■ Your assignment: Copy out precisely the lines of the material that follows, beginning with the line containing "Quechua – Hiking" and ending with its last line; exclude pictures.

■ Given material:
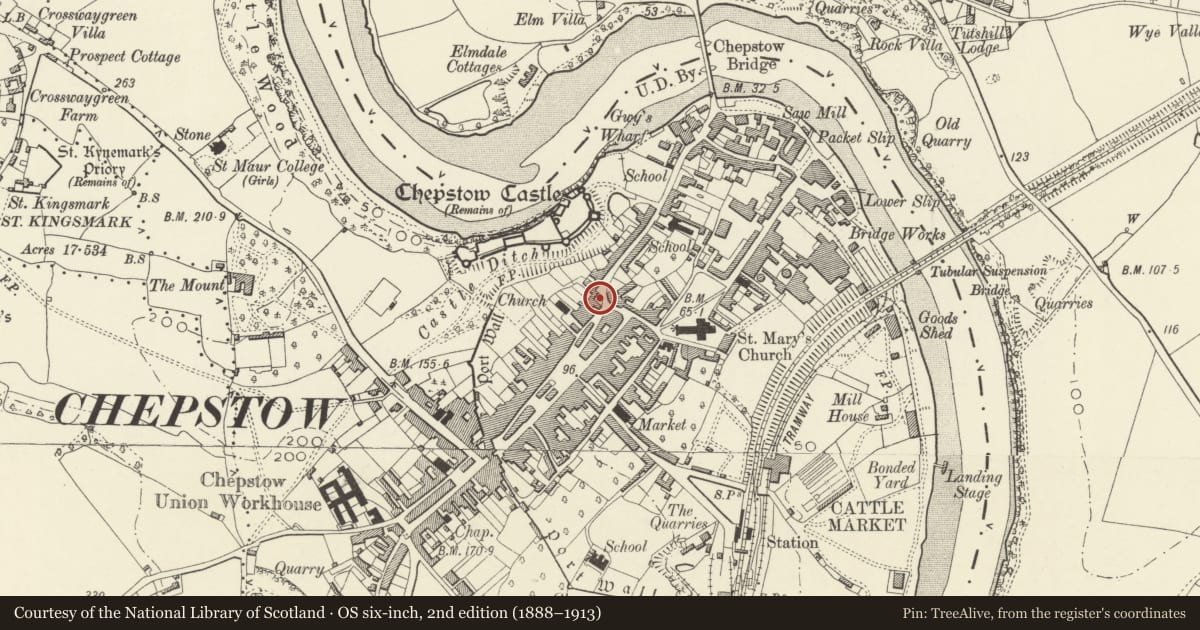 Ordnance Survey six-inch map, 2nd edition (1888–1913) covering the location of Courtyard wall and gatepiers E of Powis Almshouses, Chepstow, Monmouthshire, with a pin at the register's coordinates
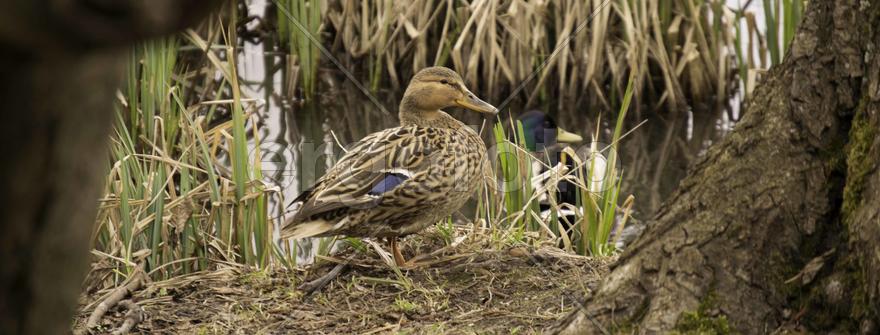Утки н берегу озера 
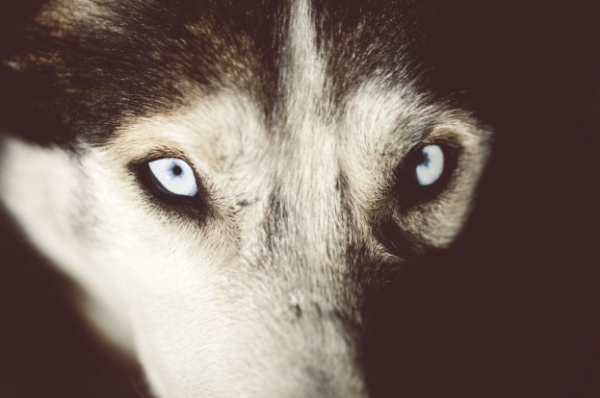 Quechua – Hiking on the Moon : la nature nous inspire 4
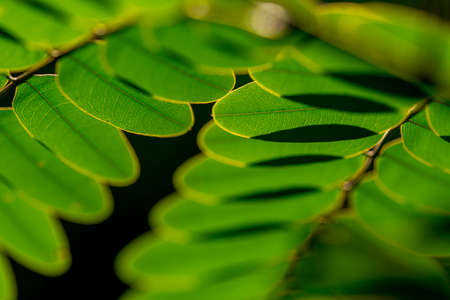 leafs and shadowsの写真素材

■ Result:
 Quechua – Hiking on the Moon : la nature nous inspire 4
 leafs and shadowsの写真素材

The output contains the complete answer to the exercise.